Forums

AttributeError: 'NoneType' object has no attribute 'find_all'

Hi, I have been running my webSpider locally without a problem but then When I uploaded my code onto pythonanywhere I am getting errors. I am not going to copy the full source here but I am going to paste a prototype version of it which also return the same error.

My code run fine locally and also on Google cloud shell.

import requests
from bs4 import BeautifulSoup


url ="https://www.indeed.com/jobs?q=Developer&l=waterbury%2C%20CT&fromage=1&"
page = requests.get(url)
soup = BeautifulSoup(page.content,'html.parser')
result = soup.find(id="mosaic-provider-jobcards")
job_elements = result.find_all("div", class_="job_seen_beacon")
print(job_elements)

here is the error :

(jobSpider) 14:59 ~/jobSpider $ python testSoup.py                                                                                                                                                               
Traceback (most recent call last):                                                                                                                                                                               
  File "/home/moodkiller2022/jobSpider/testSoup.py", line 12, in <module>                                                                                                                                        
    job_elements = result.find_all("div", class_="job_seen_beacon")                                                                                                                                              
AttributeError: 'NoneType' object has no attribute 'find_all'

It looks like soup.find(id="mosaic-provider-jobcards") is returning None. Perhaps you can print out the page that you're getting for soup and find out what it contains? It's possible that the site you're accessing is blocking requests from PythonAnywhere -- sites often don't like being scraped from cloud computing platforms, and it's entirely possible that they've blocked us but haven't blocked the IP of the Google Cloud shell that you're using yet.

Thank you for getting back to me So there aren't any way around that ?

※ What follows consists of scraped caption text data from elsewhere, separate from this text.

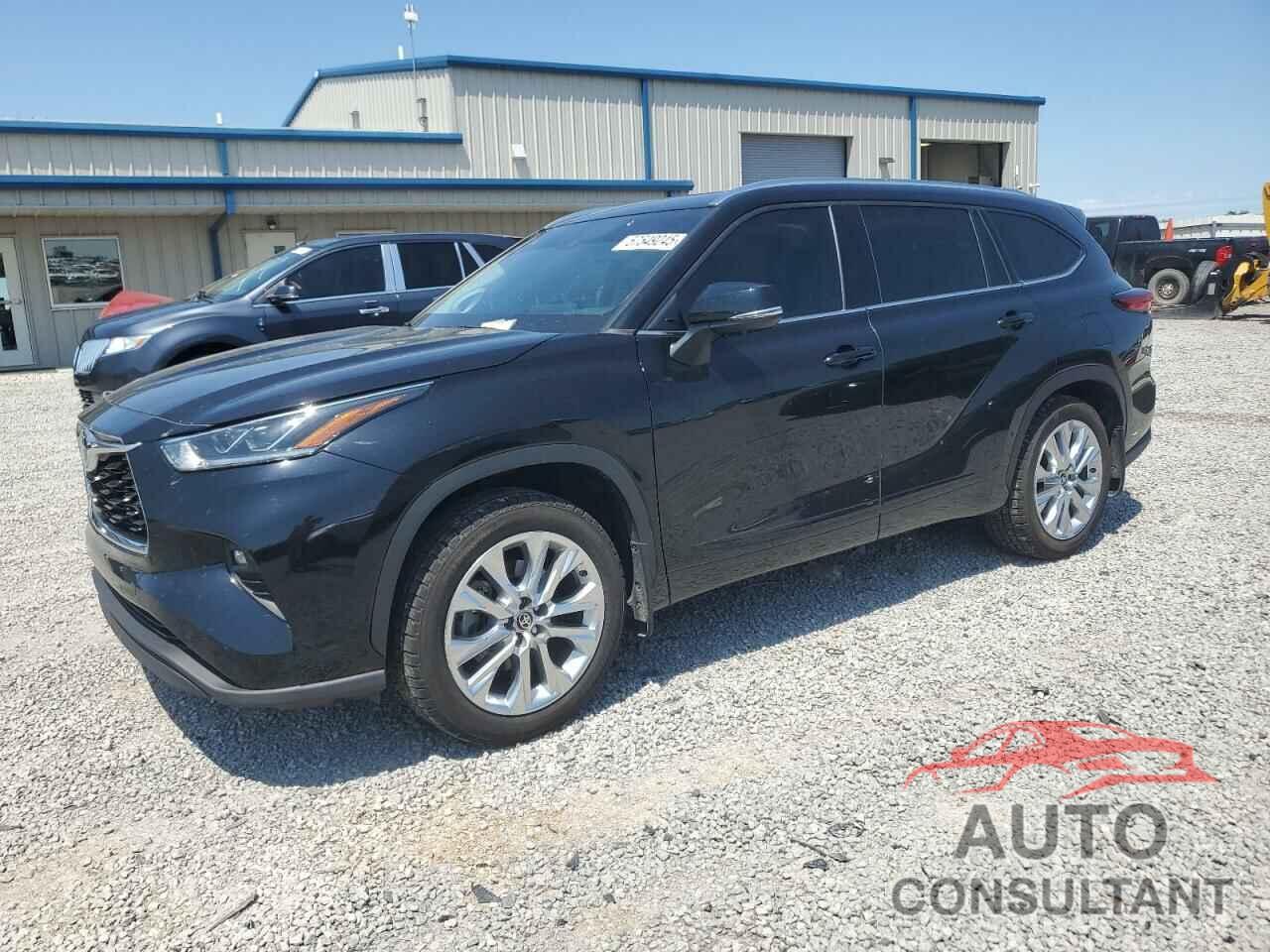 TOYOTA HIGHLANDER 2022 - 5TDDZRBH4NS179145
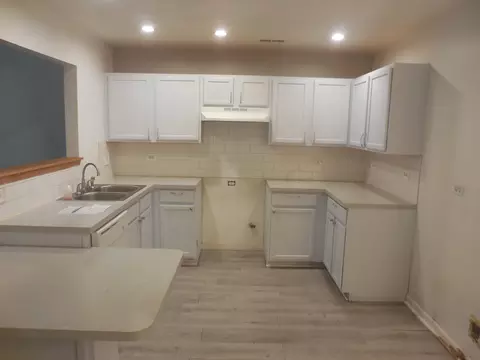 Kitchen - Undisclosed, Aurora, IL 60504 photo 1 of 1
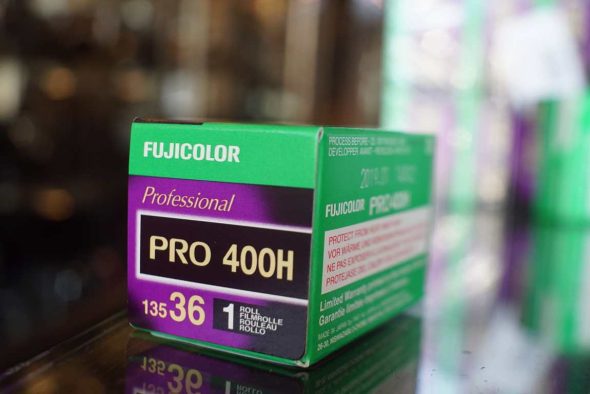 FujiFilm Pro400H color negative film / 135-36 (2019)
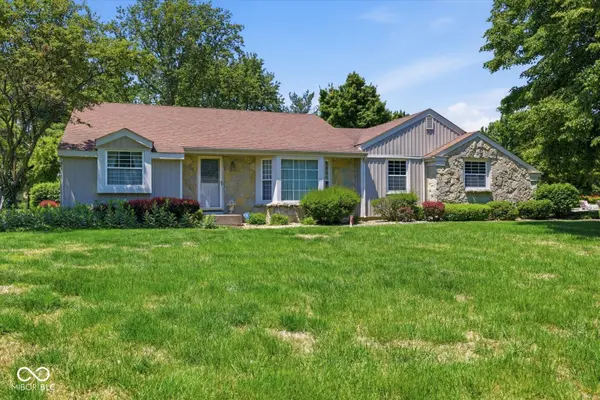 2785 N Fleming CIR, Shelbyville, IN 46176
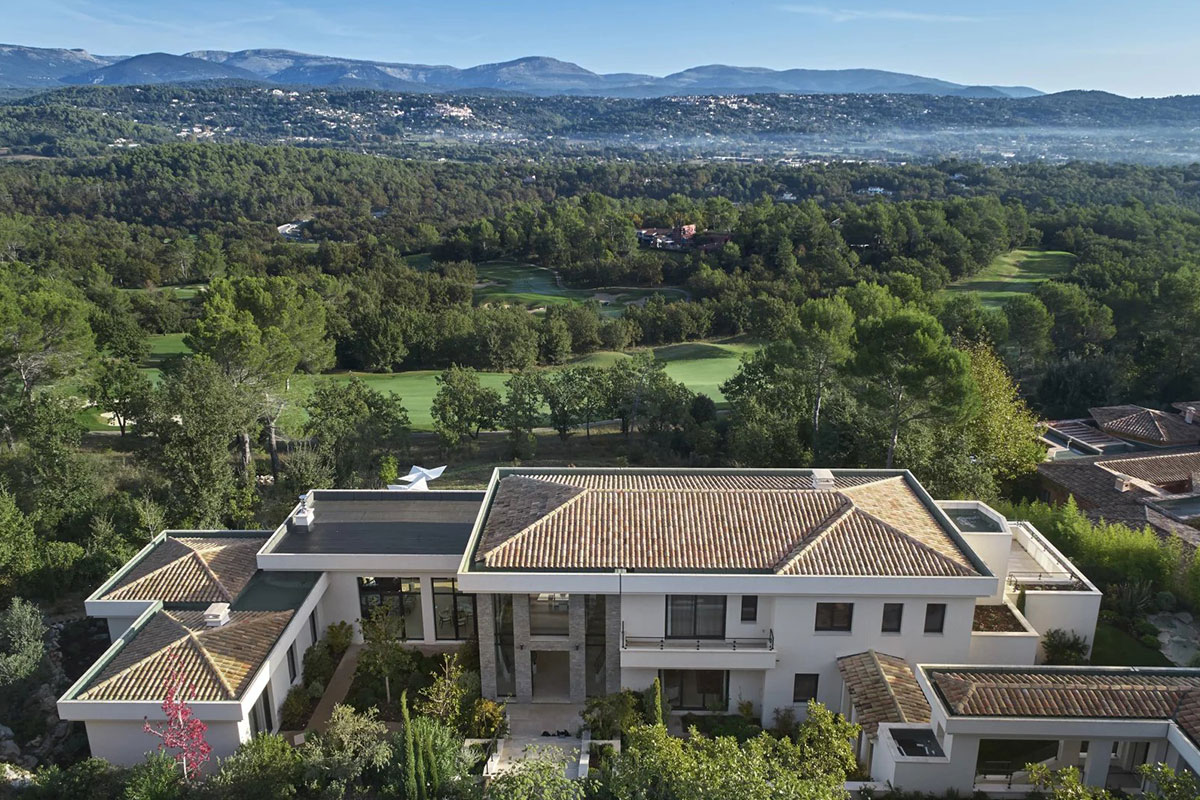 Luxury property for sale in Montauroux | Beauchamp Estates Luxury property for sale in Montauroux | Beauchamp Estates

So I tried printing the soup object to see what it contains and I notice that

import requests
from bs4 import BeautifulSoup
import time

url ="https://www.indeed.com/jobs?q=Developer&l=waterbury%2C%20CT&fromage=1&"
page = requests.get(url)
soup = BeautifulSoup(page.content,'html.parser')
#result = soup.find(id="mosaic-provider-jobcards")
#job_elements = result.find_all("div", class_="job_seen_beacon")
print(soup)

Output:

(jobSpider) 15:45 ~/jobSpider $ python testSoup.py                                                                                                                                                               
<html>                                                                                                                                                                                                           
<head>                                                                                                                                                                                                           
<title>hCaptcha solve page</title>                                                                                                                                                                               
<script async="" defer="" src="https://www.hcaptcha.com/1/api.js"></script>                                                                                                                                      
<meta content="width=device-width, initial-scale=1" name="viewport"/>                                                                                                                                            
</head>                                                                                                                                                                                                          
<body>                                                                                                                                                                                                           
<div>                                                                                                                                                                                                            
<form action="/jobs?q=Developer&amp;l=waterbury,%20CT&amp;fromage=1&amp;redirected=1" method="POST" style="margin: 80px;">                                                                                       
<div class="h-captcha" data-sitekey="eb27f525-f936-43b4-91e2-95a426d4a8bd" data-size="compact"></div>                                                                                                            
<br/>                                                                                                                                                                                                            
<input type="submit" value="Submit"/>                                                                                                                                                                            
</form>                                                                                                                                                                                                          
</div>                                                                                                                                                                                                           
</body>                                                                                                                                                                                                          
</html>

Looks like I got this captcha page. But the same soup objected returned actual HTML details, it looks like I cant even print soup anymore.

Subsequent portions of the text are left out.